The rolling sound of thunder
EVERY thunder rumble has a different frequency. The noise we hear as thunder is created when lightning superheats the air it travels through. When air is heated it expands and, in a lightning flash, the expansion is so fast that a shock wave is created, causing the sound wave we hear as thunder. Essentially, the frequency of the sound wave depends on how fast the air expands, which in turn depends on the stability of the air and other complicated, thermodynamic factors.
But each roll of thunder sounds slightly different. You may have noticed that at the start of a roll of thunder you will hear a sharp clap and then the rest of the thunder rumble continuing after it. The sharp clap is at a much higher frequency. The reason we hear different types of thunder – the long roll or the short crack – is due to the path the lightning takes.

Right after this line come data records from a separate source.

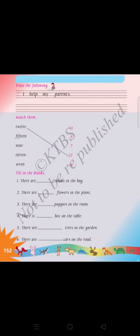Dear students, next go to page number 152. Trace the following: 'I help my parents.' You have to complete the same. Next, come down — match them. They are giving some letters of words and also numbers. You have to match them: T-W-E-L-V-E = 12, F-I-F-T-E-E-N = 15, N-I-N-E = 9, E-L-E-V-E-N = 11, S-E-V-E-N = 7. Match each word to its number.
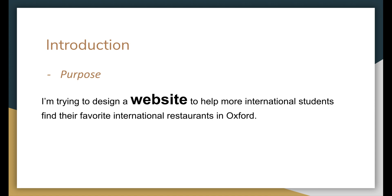In this course I'm trying to design a website to help more international students find their favorite international restaurants in Oxford. On this website I will include all the international restaurants' introductions, websites, and menus. I will also check each restaurant's social media pages and calculate their customer satisfaction, giving a score out of 5. I will also open an area for customers to write their reviews after each order, and provide food delivery website or app addresses under each restaurant.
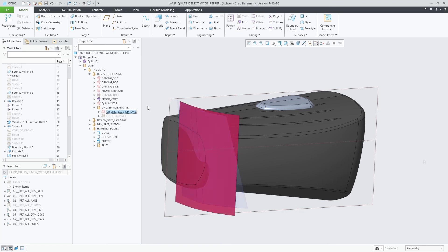This enhancement overcomes the previous limitation in child handling that only considered direct child features and references.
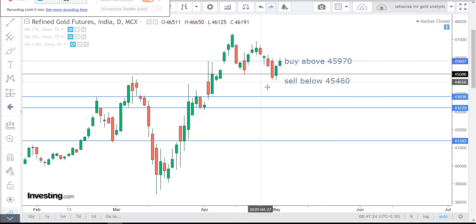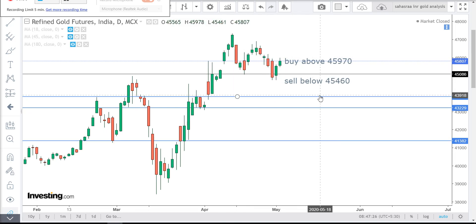Those want to sell, sell below 45,460. Expected first target will be 45,410 and expected second target will be 45,360.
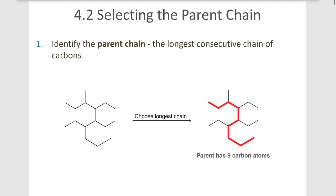First, we learn to identify the parent chain — that's the longest consecutive chain of carbon atoms. If we look at a molecule, what we're trying to do is find the longest continuous path of carbon atoms. That path does not have to go from left to right the way we're used to in English. It can go from right to left, top to bottom, or upper to lower, as we see in this case.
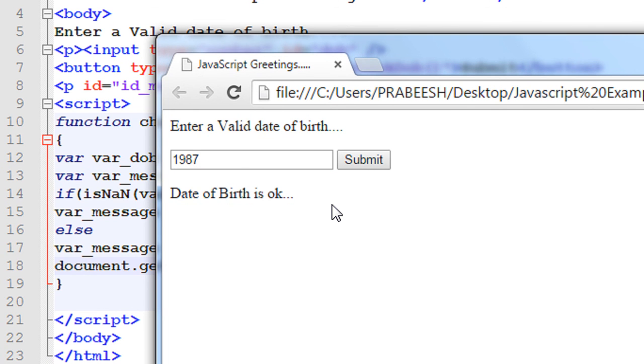So this is another use of JavaScript. You can use JavaScript for simple HTML form validation.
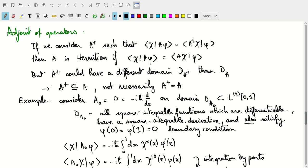In general, A† could have a different domain than A. Saying A† equals A is a stronger statement than A† is a restriction of A. We must be careful about domains of the adjoint. Consider the special operator A₀, our momentum operator minus i*h-bar d/dx, defined on the domain of all square integrable, differentiable functions whose derivative is also square integrable, and which satisfy the boundary conditions phi(0) = phi(1) = 0.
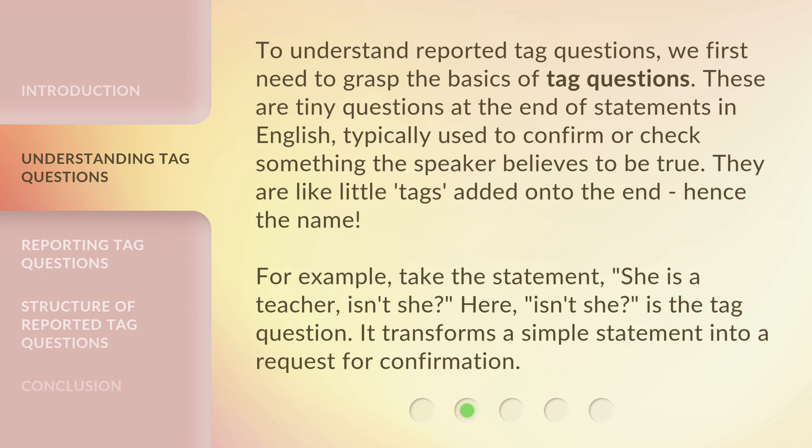For example, take the statement: 'She is a teacher, isn't she?' Here, 'isn't she?' is the tag question. It transforms a simple statement into a request for confirmation.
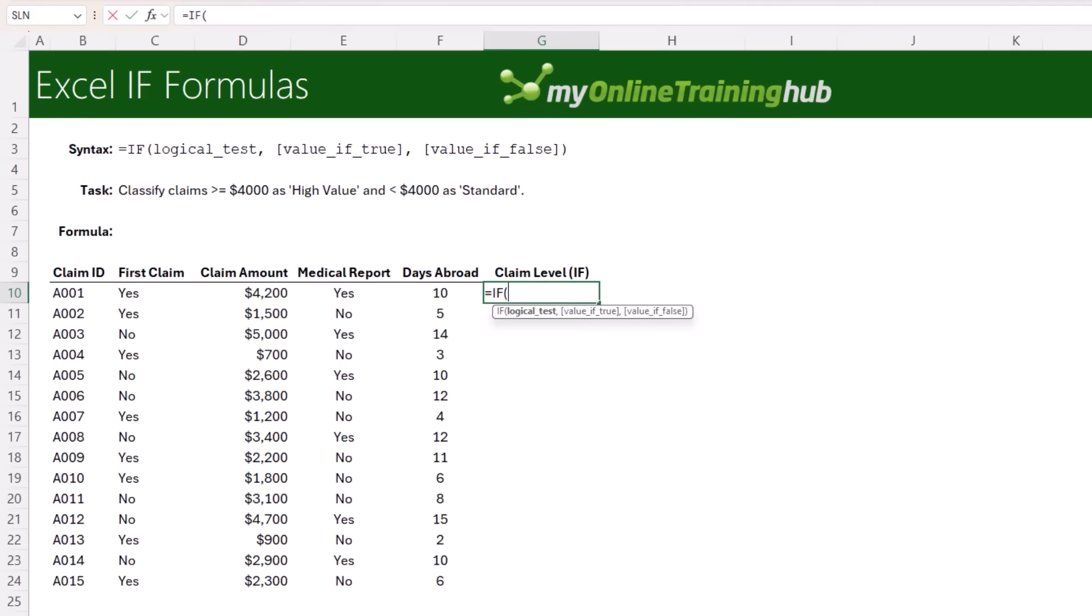The first argument is a logical test, which must evaluate to true or false. You can think of this as the condition that must be met for a high value claim. So here I want to check whether the claim amount is greater than or equal to $4,000. If that returns true, we want the formula to insert the text high value.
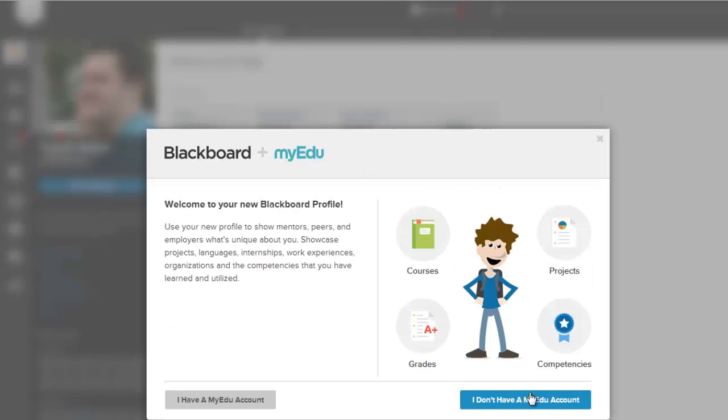And this is my first time in, so I don't have a myedu account yet. I'm going to go ahead and click on this blue button.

Imagine a flash that starts a kilometre above our heads and travels diagonally to hit the Earth a kilometre from our feet. Every point on that path is (very roughly) the same distance from us, so the sound from every point of the flash hits us at about the same time. This gives a loud “crack” kind of noise. Now, imagine a flash that starts about a kilometre up but ends close to our feet. The sound from the start of the flash’s path has to travel much further than the sound from the end and will, as a result, reach us much later. This creates the long, slow roll of thunder at a lower frequency.